34 Combiner- Full Attention Transformer with Sparse Computation Cost

1. Read the title and make an opinion of what’s in the paper (e.g., the area, the task)

Combiner: Full Attention Transformer with Sparse Computation Cost

Year: 2021

The paper is clearly addressing the computation cost of Attention within the Transformer architecture. It also looks like they achieve Full Attention at the cost of Sparse Attention.

Very cool!

2. Read the abstract well and form a hypothesis of

What’s new in the paper?
Do you have a clear overview about what the paper is all about?

The key limitation of transformers is their quadratic memory and time complexity $\mathcal{O}(L^2)$ with respect to the sequence length in attention layers

This $L^2$ expansion restricts use of long sequences in Transformers. The BERT architecture restricts the sequence length to 512 to limit this expanse and keep the calculations tractable. There have been numerous attempts of addressing this issue with Sparse Attention mechanisms, which do not attend to every token, but take a sparsity approach.

We propose Combiner, which provides full attention capability in each attention head while maintaining low computation and memory complexity.

This looks like an upgrade in both directions: a complexity upgrade over Full Attention, and an expressivity upgrade over Sparse Attention.

The key idea is to treat the self-attention mechanism as a conditional expectation over embeddings at each location, and approximate the conditional distribution with a structured factorization.

This is clearly what is new in the paper. It is not clear to me exactly how the distribution helps, or what it conveys.

Each location can attend to all other locations, either via direct attention, or through indirect attention to abstractions, which are again conditional expectations of embedding from corresponding local regions.

Does this somehow merge multiple embeddings, or does it select the most probable out of a list of candidates? I am able to see if this abstraction layer exists, you can spread out your attention fully.

3. Look at the images and extract a set of “questions” about what is not clear about their method from the images. Now your job is to answer these questions by reading the paper.

Figure 1 is clearly showing the difference between full attention (via their method) and sparse attention above. It seems that the local expectation takes on a single embedding, but does so at via a distribution, or choice over multiple tokens.

fig1

Also, it looks like there is an additional dimension of complexity when moving to images because you have a two dimensional image that you can attend to.

fig2

4. Read the method aiming to answer your “questions” about the paper.
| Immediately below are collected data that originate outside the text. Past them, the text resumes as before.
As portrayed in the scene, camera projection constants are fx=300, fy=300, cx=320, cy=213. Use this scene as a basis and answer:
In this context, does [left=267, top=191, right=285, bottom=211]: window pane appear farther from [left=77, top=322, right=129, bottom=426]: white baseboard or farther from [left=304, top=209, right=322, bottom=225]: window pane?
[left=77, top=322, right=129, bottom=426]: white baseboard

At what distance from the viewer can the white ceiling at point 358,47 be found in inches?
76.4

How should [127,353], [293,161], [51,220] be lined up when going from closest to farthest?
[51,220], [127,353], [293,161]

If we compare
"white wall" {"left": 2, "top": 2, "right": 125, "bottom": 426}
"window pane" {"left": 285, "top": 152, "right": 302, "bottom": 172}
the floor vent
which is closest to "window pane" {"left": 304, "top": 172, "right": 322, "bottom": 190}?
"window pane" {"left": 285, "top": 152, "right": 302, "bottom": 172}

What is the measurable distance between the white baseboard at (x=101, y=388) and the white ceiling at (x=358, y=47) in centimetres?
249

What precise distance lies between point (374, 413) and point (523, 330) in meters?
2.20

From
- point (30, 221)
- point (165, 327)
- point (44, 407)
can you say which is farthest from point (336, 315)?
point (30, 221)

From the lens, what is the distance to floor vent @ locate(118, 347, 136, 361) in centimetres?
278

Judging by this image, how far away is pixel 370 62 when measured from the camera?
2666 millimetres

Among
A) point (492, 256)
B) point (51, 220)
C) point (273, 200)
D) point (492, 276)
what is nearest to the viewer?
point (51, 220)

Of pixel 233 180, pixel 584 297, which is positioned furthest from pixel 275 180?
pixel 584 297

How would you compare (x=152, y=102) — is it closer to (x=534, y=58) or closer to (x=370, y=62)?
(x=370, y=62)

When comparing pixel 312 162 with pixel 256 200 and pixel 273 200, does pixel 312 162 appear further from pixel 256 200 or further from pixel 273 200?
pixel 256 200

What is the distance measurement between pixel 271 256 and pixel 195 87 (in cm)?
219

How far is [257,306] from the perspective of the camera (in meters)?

Focus on understanding only the things relevant for the story (i.e., to understand the contribution).

Ok, I’m going to try to understand Attention as conditional expectation:

From the original Transformer Paper, we have the attention mechanism:

A_{h}(X)=\operatorname{softmax}\left(\frac{Q_{h}}{\sqrt{d}} K_{h}^{\top}\right) V_{h},\left\{Q_{h}=X W_{h}^{Q}, K_{h}=X W_{h}^{K}, V_{h}=X W_{h}^{V}\right\} \in \mathbb{R}^{L \times d}, (1)

which is a scaled ( $\f{}{\sqrt{d}}$ ) dot-product $(Q\cdot K)V$ attention.

They explain:

For a position $i ∈ [L]$ , the attention formulation (1) can be viewed as conditional expectation of rows in $V$ . Specifically, since softmax outputs a probability distribution, we can rewrite (1) as

A\left(x_{i}\right)=\mathbb{E}_{p(j \mid i)}\left[v_{j}\right], \quad p(j \mid i)=\frac{1}{Z\left(x_{i}\right)} \exp \left(\frac{q_{i}}{\sqrt{d}} k_{j}^{\top}\right)

The complexity of $p(j|i)$ is the bottleneck of the computation for $A(x_i)$

The main idea in Combiner is to exploit a hierarchical structure for conditional probability modeling in the equation above.

There are a lot more details in their method I don’t have time to write on.

5. Read the experiments to convince you that the show results are caused by their claim. Be aware that the experiments highlighted are the best scenarios and are fully hyper-parameter tuned.

They do appear to show good results, with some cases that BigBird is able to surpass them give a certain seq length (2k), but once increased to 8k they are able to show SotA results.

tab2

I am not as familiar with their experimental datasets, so it is hard to judge what they impact of their changes are in relation to other changes I’m familiar with. However, they are able to produce very good number, with a compelling argumentation on how to supplement attention.

6. Make sure you answered all your questions. Did the authors convince you that their story has the effect that they claim?

They did convince me. I think this will be a valuable paper in the future, and the next step of being able to apply the Transformer architecture to more and more subdomains.